Instructions to follow -> Write out the data word for word and drop any picture you find.

Supplied material ->
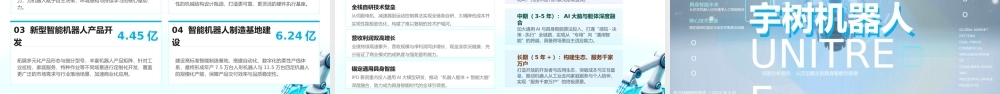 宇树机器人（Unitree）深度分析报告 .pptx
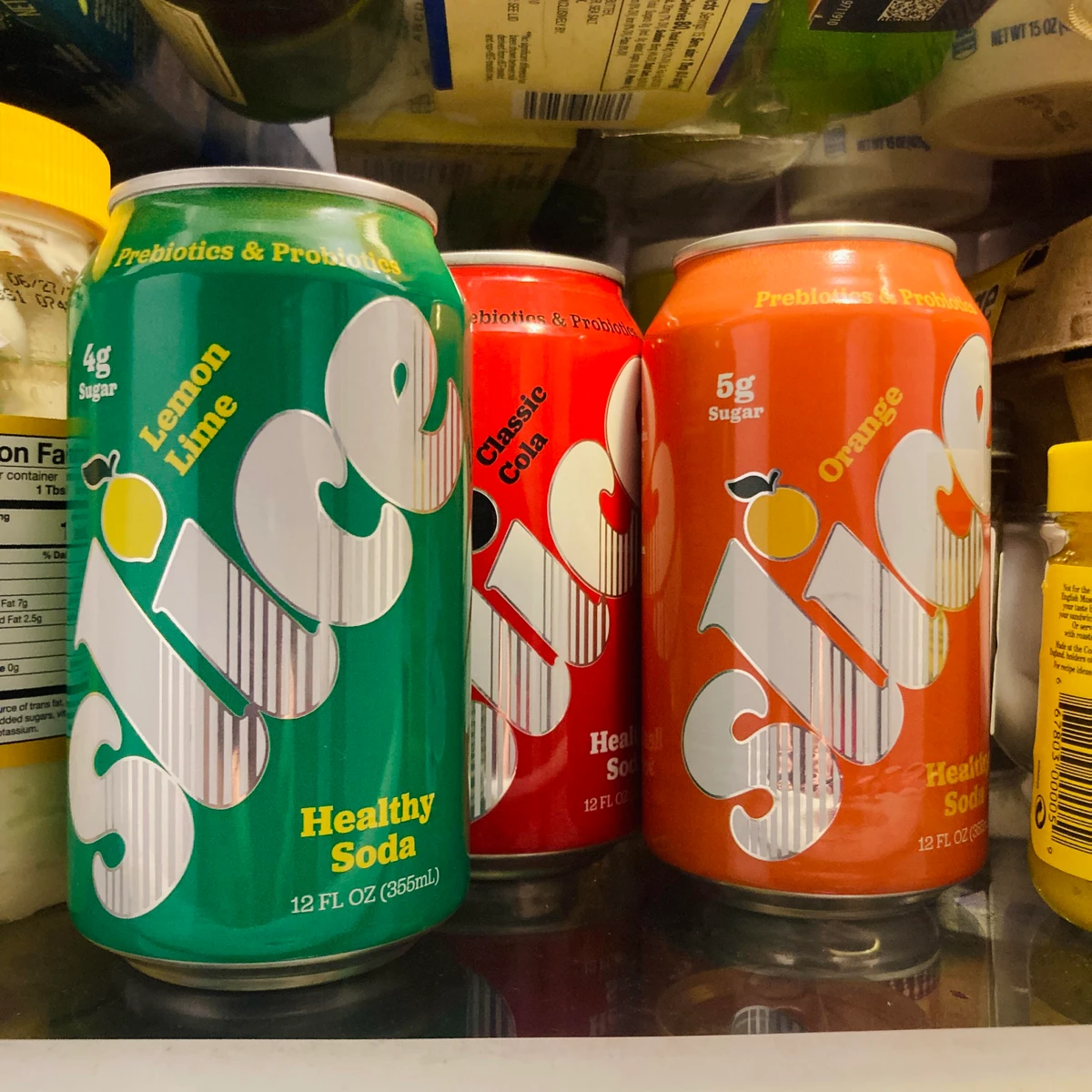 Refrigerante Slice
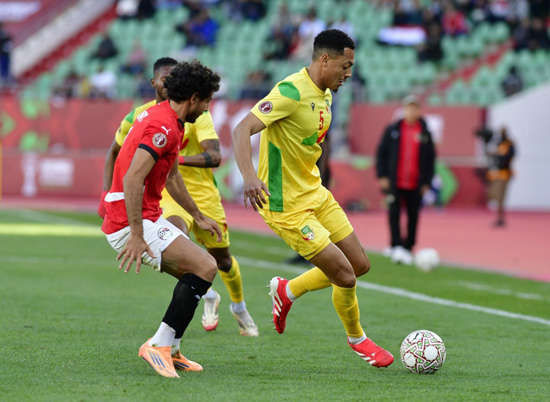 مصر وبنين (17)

Output for this task ->
 宇树机器人（Unitree）深度分析报告 .pptx
 Refrigerante Slice
 مصر وبنين (17)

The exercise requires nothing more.